L’INFANZIA RUBATA Lo sfruttamento militare dei bambini Ieri E Oggi.

Giovedì 28 novembre 2013 ore 16,00 – 20,00 Camera dei Deputati, Sala delle Colonne, Via Poli 18 – Roma.

Ore 16:00 PROIEZIONE DEL FILM “I FIGLI DELLA GUERRA”* (Messico,

2004) Regia: Luis Mandoki Sceneggiatura: Oscar Torres Durata: 120’

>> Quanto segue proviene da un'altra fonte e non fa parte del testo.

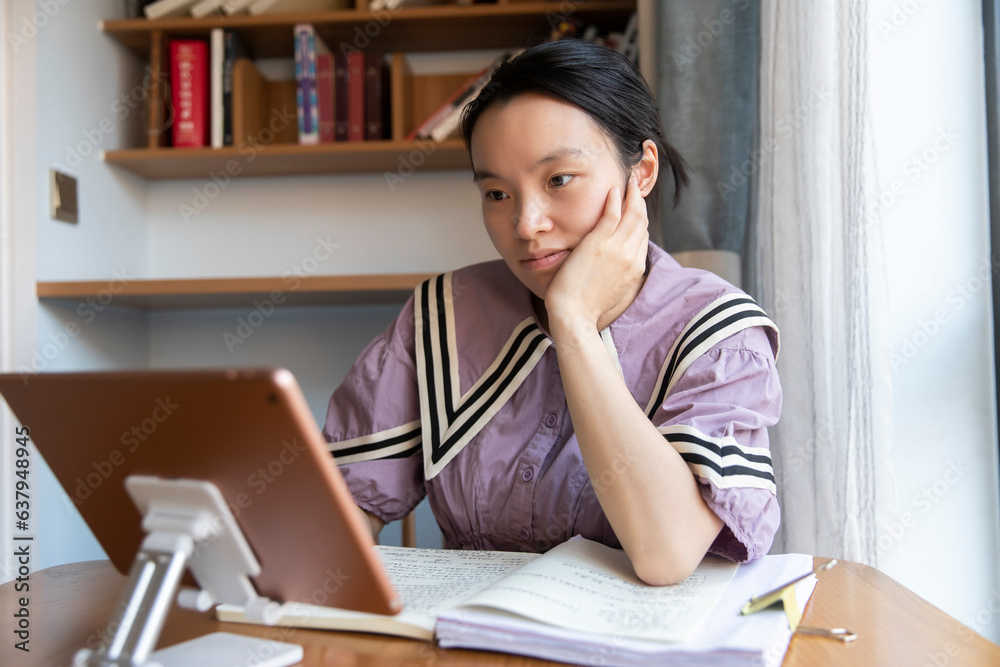 A young Chinese woman is learning on a tablet at home A young Chinese woman is learning on a tablet at home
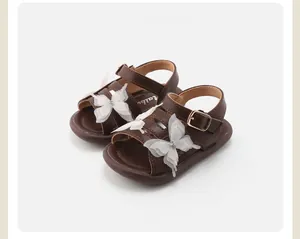 Close-up of brown toddler girls sandals featuring delicate white lace butterfly accents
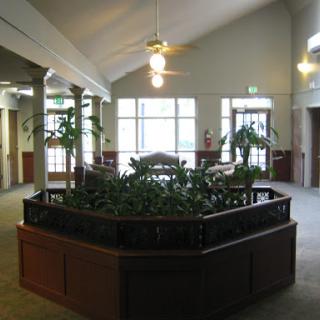 A spacious interior room featuring a central planter with greenery, complemented by wooden accents and ceiling fans.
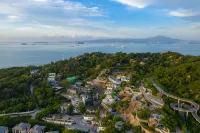 Xiamen Youshe Seaview Lodge (Huangcuo Beach, South Huandao Road) Отели в г. 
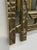 A bold and architectural wall mirror designed by Angelo Brotto, distinguished by its richly textured cast brass frame. The...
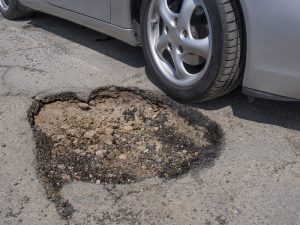 repair winter potholes as soon as possible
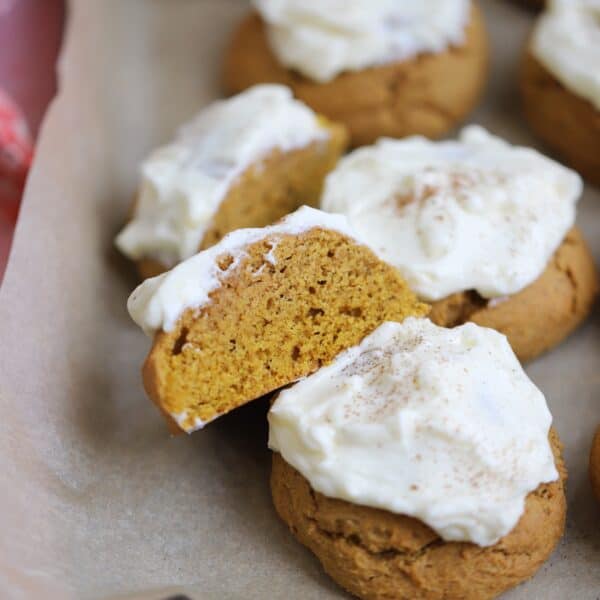 A baking tray with soft gluten free pumpkin cookies and cream cheese frosting.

Ore 18:00 DIBATTITO Apertura: Beatrice Lorenzin, Ministro della Salute

Intervengono: Eugenia Roccella, Vicepresidente Commissione Affari Sociali Oscar Torres, Scrittore e sceneggiatore del film “I Figli della Guerra” Akwasi Yadom Adarkwah, Presidente del Mother Child Ravera Center, “Family Homes Movement”, Sierra Leone Antonella Napoli, Giornalista, Presidente di “Italians for Darfur” ONLUS Modera e conclude: Fiamma Nirenstein, Giornalista e scrittrice, Presidente di Summit

*Il film si basa sull’infanzia dello scrittore Oscar Orlando Torres, che sarà presente al convegno. Anni ’80, El Salvador: infuria la guerra civile. Indebolito da due anni di scontri, l’esercito è costretto a rifornire le sue fila con i giovani figli della nazione, di solito rapiti negli assalti ai villaggi. Una storia di formazione sullo sfondo di una tragedia collettiva. Si ringrazia Lionsgate, titolare dei diritti internazionali del film, per la gentile concessione della pellicola.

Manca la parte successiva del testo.